L’Autorité palestinienne suspend la diffusion d’Al Jazeera
Le Hamas, grand rival du Fatah, a qualifié cette suspension de "violation flagrante de la liberté de la presse" et "d'acte répressif destiné à faire taire les voix dissonantes"

La chaîne qatarie Al Jazeera a dénoncé jeudi la décision de l’Autorité palestinienne (AP) de suspendre sa diffusion et ses activités dans les Territoires palestiniens, affirmant qu’il s’agissait d’une « tentative de masquer la réalité » en Cisjordanie.
L’AP avait annoncé mercredi soir cette décision, en accusant la chaîne « d’incitation à la sédition » et « d’ingérence » dans ses affaires.
« Le comité ministériel compétent, composé des ministères de la Culture, de l’Intérieur et des Communications, a décidé de suspendre la diffusion et de geler toutes les activités de la chaîne Al Jazeera et de son bureau en Palestine » et de « suspendre le travail de tous les journalistes, employés, équipes et chaînes affiliées jusqu’à ce que son statut juridique soit rectifié », selon l’agence de presse officielle Wafa.

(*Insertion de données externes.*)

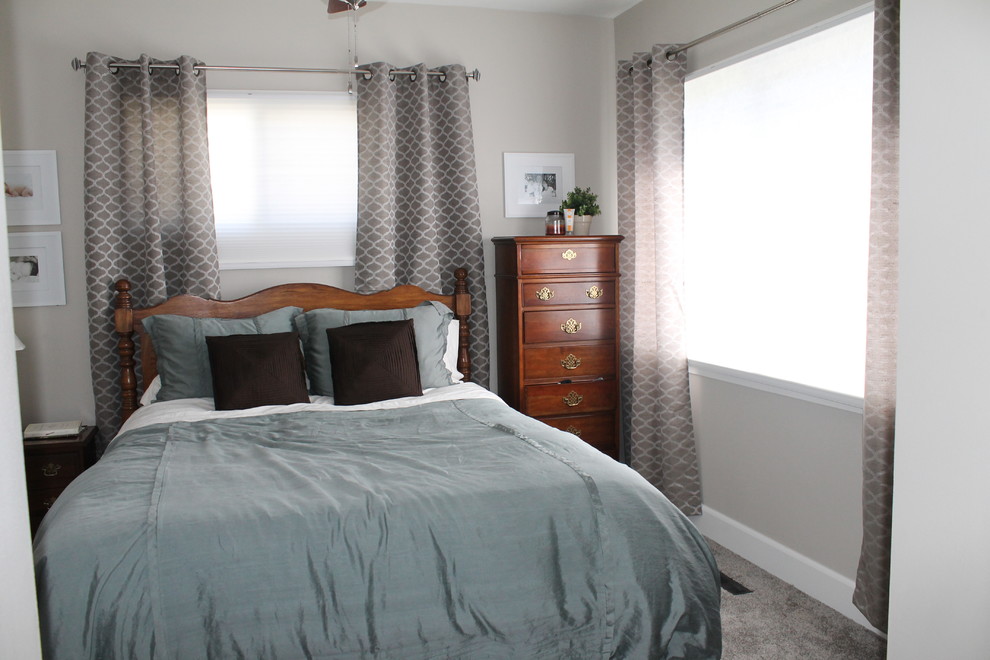 This is an example of a small transitional bedroom in Other with grey walls, carpet and no fireplace.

« Cette décision intervient en réponse à l’insistance d’Al Jazeera à diffuser des contenus et reportages caractérisés par de la désinformation, de l’incitation à la sédition et de l’ingérence dans les affaires internes palestiniennes », avait ajouté l’agence.

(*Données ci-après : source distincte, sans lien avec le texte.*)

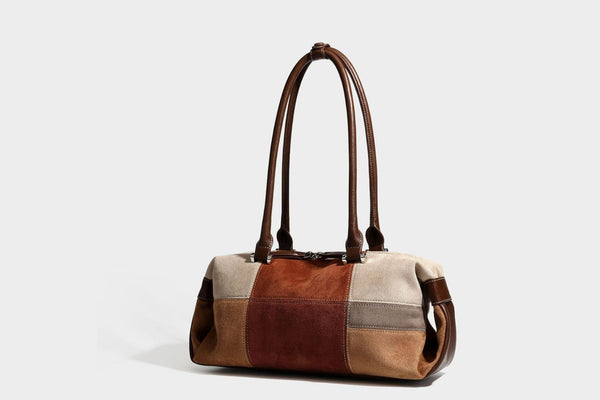 Patchwork suede-look barrel shoulder bag in brown, rust, tan, beige, and gray panels with double leather-look straps and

Un employé d’Al Jazeera en Cisjordanie a confirmé à l’AFP que le bureau de la chaîne à Ramallah avait été informé mercredi de sa suspension.
Al Jazeera diffusait mercredi soir des images montrant des policiers de l’AP apportant à ses journalistes à Ramallah un document judiciaire officiel, daté du 1er janvier 2025.

La chaîne qatarie a dénoncé jeudi cette suspension, affirmant qu’elle intervenait à un moment « où l’Autorité palestinienne tente de dissuader Al Jazeera de couvrir l’aggravation des événements dans les Territoires palestiniens occupés » et après « une campagne d’intimidation » menée à l’encontre de ses journalistes.
Déjà bannie en Israël
L’AP, dirigée par Mahmoud Abbas, détient une autorité administrative partielle en Cisjordanie, territoire sous autorité israélienne depuis 1967.
Ses forces de sécurité sont impliquées depuis plusieurs semaines dans des affrontements à Jénine, dans le nord de la Cisjordanie, avec des factions terroristes, qui ont déjà fait une dizaine de morts.
Ces groupes, dont la plupart des membres appartiennent aux groupes terroristes du Hamas et du Jihad islamique palestinien, se considèrent plus efficaces pour lutter contre Israël que l’AP.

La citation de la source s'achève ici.